Einen Rechner kann man einfach nicht so gut liebkosen 
Ich grab mich wenn das gute Stück kommt immer in meinem Zimmer ein, und les sie am Stück durch, und danach noch ein paar mal über die nächsten Tage  Das Heft ist einfach was Handfestes. Ein gutes Gefühl!!! Deshalb: PRINT4LIVE
NIx gegen die HP


----------



## winhistory (28. Januar 2009)

Man muss es diferenzierter sehen. es gibt zwar vom heft auch eine digitale ausgabe, die ist aber genau so teuer und noch später dran als das printmagazin. ergo fällt die wahl nicht besonders schwer.

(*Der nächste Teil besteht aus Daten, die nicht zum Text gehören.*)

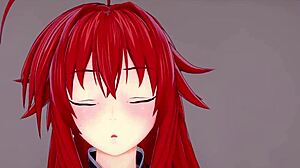 Rias Gremory Craves That Monster Cock!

die interessantere frage lautet eher warum wir pcgh lesen und nicht was anderes (zeitschrift oder internetseite)

ich lese die pcgh zum teil aus gewohnheit zum teil auch einfach weil mich andere magazine mich garnicht mehr ansprechen. allerdings hab ich letztlich mein abo gekündigt. am kiosk hat man einfach die wahl ob man nur das magazin oder die dvd oder sonstwie edition kaufen will. oder es auch mal sein lässt.


----------



## theLamer (28. Januar 2009)

> Was reizt euch an der Printausgabe der PCGH oder Extreme? Was schätzt ihr am "Papier in der Hand"?


Ich kann es abends in Ruhe lesen und habe kein nervendes Surren im Hintergrund 
Gerade wenn ich mir Gedanken über neue HW-Anschaffungen mache, ist mir die PCGHX dank den OC-Tipps und Kühlertests ein guter Helfer 

Das Problem ist nur, dass ich immer tierisch Lust auf Benchen bekomme, wenn ich eure Extreme-Tests lese und folglich meistens bis in die Nacht am PC hocke


----------



## NCphalon (28. Januar 2009)

naja die PCGH is mehr oder weniger das wonach ich lange gesucht hab... Erst hat mich nur die Heft DVD/CD interessiert, meine erste PCGH war die mit den 5 CDs wo alle möglichen programme für office/video/foto drauf warn, meine 2. die mit Enclave un dann hab ich mir die relegmäßig geholt un als ich angefangen hab mich mit HW zu beschäftigen hab ich den artikeln auch mehr beachtung geschenkt un mittlerweile befass ich mich mehr mit dem heft als mit dem inhalt der dvd (wobei der 5-jahres rückblick ja pflicht is ). Auf die HP bin ich erst später gekommen, aber ich find die Artikel in der Print doch irgendwie ansprechender.


----------



## kmf (28. Januar 2009)

Den PC benutz ich zum Recherchieren. Die PCGH-Print dagegen zum Entspannen.


----------



## non_believer (29. Januar 2009)

Ich bin seit ca. 1 1/2 Jahren überzeugter PCGH Leser. Vorher hatte ich eine andere Zeitung mit 4 großen Buchstaben (*gg*) im Abo, aber mit der Zeit wurde mir das zu "Einsteigerhaft". Ist zwar ein komisches Wort und ich geb mal kurz ne Erklärung dazu ab: Die Zeitung gut und schön, sie war aktuell und schön bunt, aber mit sie richtete sich mehr und mehr an Einsteiger (wie die Zeitung die man sich laut Reklame in den Kopf stecken kann ) und behandelte vorrangig Themen zu Programmen ect. und ließ die Hardware teilweise außer acht oder schob sie in den Hintergrund. Es gab zwar Marktübersichten und Kaufempfehlungen für Hardware, aber das war mir zu wenig. Ich wollte wissen WIE die Hardware funktioniert und nicht das sie funktioniert weil sie funktioniert.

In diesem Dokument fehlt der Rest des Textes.